The NCC underscored the importance of settling interconnect debts for all operating companies to fulfill their regulatory obligations as licensees.
The statement read, “The commission is pleased to announce that the parties have now reached agreement to resolve all outstanding issues between them. For this reason, and in exercise of its regulatory powers in that regard, the Commission has put the phased disconnection on hold for a period of 21 (twenty-one) days from today. The commission expects MTN and Glo to resolve all outstanding issues within the 21-day period.”

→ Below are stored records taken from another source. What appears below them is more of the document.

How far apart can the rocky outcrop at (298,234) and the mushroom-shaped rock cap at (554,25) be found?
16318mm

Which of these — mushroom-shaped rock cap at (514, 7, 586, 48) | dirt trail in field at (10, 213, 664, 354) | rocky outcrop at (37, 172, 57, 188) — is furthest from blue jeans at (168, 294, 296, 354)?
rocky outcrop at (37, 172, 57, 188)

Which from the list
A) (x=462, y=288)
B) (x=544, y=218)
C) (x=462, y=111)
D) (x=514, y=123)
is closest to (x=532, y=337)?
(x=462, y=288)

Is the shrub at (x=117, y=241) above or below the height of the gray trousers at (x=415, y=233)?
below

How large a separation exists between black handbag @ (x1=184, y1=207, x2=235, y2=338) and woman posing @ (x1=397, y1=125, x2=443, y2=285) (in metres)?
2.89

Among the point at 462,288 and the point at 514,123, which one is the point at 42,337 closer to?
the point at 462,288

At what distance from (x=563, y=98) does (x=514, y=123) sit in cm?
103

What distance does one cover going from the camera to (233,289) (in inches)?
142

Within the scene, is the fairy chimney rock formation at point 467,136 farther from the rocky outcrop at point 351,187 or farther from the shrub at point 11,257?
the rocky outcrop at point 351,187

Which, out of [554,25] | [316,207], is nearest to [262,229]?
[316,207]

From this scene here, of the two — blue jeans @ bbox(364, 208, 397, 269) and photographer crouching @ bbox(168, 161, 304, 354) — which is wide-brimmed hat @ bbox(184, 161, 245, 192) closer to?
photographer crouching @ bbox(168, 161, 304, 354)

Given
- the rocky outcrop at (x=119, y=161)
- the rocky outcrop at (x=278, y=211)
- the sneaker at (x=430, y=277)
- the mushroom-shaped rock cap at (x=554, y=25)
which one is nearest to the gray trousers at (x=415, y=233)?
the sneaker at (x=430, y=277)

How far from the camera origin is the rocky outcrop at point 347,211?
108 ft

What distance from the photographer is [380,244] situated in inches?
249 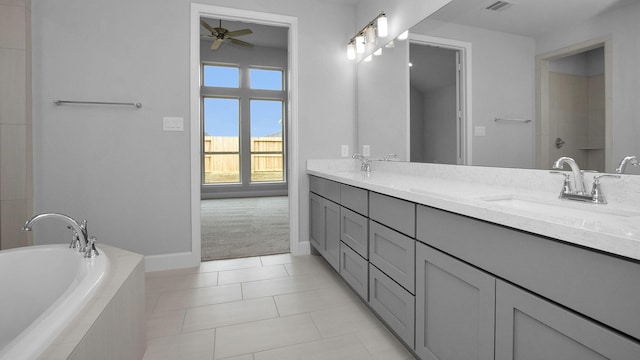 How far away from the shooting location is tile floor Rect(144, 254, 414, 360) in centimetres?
155

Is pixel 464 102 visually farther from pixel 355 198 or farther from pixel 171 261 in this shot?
pixel 171 261

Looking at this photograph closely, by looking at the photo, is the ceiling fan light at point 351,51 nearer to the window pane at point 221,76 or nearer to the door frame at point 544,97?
the door frame at point 544,97

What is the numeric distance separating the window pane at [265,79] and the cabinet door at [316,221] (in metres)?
4.90

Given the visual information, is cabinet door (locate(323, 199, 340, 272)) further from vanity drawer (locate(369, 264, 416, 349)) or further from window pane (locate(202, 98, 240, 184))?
window pane (locate(202, 98, 240, 184))

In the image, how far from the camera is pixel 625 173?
1.09 m

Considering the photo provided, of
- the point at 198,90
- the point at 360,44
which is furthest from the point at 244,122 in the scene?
the point at 360,44

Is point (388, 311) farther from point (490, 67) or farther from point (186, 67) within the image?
point (186, 67)

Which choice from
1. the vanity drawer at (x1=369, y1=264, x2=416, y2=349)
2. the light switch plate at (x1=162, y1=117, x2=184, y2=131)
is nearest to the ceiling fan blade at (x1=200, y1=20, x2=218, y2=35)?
the light switch plate at (x1=162, y1=117, x2=184, y2=131)

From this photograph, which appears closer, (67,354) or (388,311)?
(67,354)

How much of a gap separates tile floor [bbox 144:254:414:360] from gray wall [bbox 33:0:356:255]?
512 mm

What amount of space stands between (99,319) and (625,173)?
180cm

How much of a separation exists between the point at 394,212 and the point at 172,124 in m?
2.09

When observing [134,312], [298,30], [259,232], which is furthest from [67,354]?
[259,232]

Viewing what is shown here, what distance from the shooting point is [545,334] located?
81cm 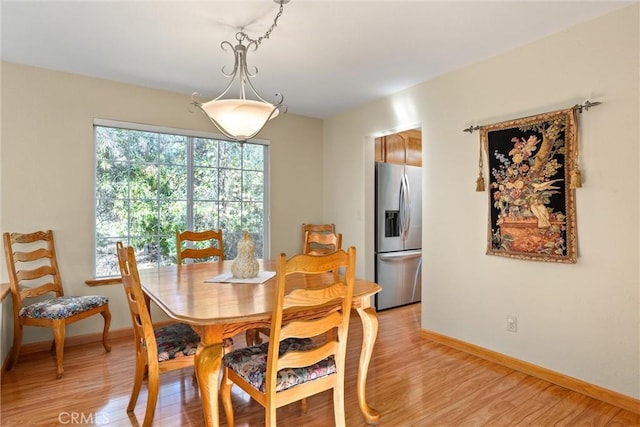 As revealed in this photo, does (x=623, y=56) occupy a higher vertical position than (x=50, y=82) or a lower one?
lower

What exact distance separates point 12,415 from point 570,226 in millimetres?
3517

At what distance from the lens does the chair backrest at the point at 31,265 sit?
2678 millimetres

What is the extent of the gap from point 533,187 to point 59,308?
11.4ft

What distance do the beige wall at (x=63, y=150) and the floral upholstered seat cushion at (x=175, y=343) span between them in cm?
151

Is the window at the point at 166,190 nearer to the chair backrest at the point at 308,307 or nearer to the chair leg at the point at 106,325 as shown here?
the chair leg at the point at 106,325

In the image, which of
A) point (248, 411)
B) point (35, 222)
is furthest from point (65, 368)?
point (248, 411)

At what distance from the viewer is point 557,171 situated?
92.7 inches

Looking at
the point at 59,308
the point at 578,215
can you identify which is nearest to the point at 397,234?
the point at 578,215

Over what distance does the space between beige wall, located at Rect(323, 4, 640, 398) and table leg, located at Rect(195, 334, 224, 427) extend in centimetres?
216

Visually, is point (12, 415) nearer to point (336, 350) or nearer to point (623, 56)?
point (336, 350)

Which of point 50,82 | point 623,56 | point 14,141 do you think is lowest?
point 14,141

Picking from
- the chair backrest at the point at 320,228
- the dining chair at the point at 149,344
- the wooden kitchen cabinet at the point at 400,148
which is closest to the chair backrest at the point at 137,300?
the dining chair at the point at 149,344

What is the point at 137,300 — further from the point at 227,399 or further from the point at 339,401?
the point at 339,401

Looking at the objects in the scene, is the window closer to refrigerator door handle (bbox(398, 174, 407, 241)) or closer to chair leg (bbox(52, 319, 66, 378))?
chair leg (bbox(52, 319, 66, 378)) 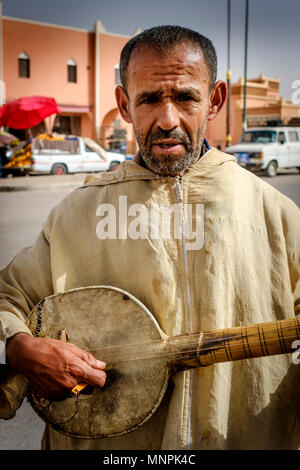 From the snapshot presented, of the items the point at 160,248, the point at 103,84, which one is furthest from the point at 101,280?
the point at 103,84

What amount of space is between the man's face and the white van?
14856 mm

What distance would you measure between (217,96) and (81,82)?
2756cm

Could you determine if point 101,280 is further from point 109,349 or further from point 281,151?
point 281,151

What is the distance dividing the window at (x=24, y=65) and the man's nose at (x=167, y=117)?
26.4 m

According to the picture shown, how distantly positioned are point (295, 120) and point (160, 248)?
24796 mm

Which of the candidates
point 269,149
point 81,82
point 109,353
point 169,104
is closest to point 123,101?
point 169,104

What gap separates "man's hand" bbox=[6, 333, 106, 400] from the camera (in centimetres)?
131

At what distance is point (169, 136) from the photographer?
1.44 m

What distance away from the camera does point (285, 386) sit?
1459 mm

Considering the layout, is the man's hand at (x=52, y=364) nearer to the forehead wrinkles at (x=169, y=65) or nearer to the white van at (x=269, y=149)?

The commission insisted that settling interconnect debts is a necessary component for compliance with the regulatory obligations of all licensees in the telecom industry. It emphasised the obligation for Mobile Network Operators (MNOs) and other licensees to adhere to the terms and conditions of their licences, particularly those contained in their interconnection agreements.
The NCC had earlier issued a pre-disconnection notice, informing subscribers of the approved disconnection of Globacom by MTN, effective January 18. This action arose from a prolonged interconnection debt dispute between the two parties.
On January 8, the commission granted approval to MTN’s request for a partial disconnection of Glo from its network due to unpaid interconnect charges. This partial disconnection implies that Globacom’s subscribers won’t be able to make calls to any MTN number, but they can still receive calls from MTN users.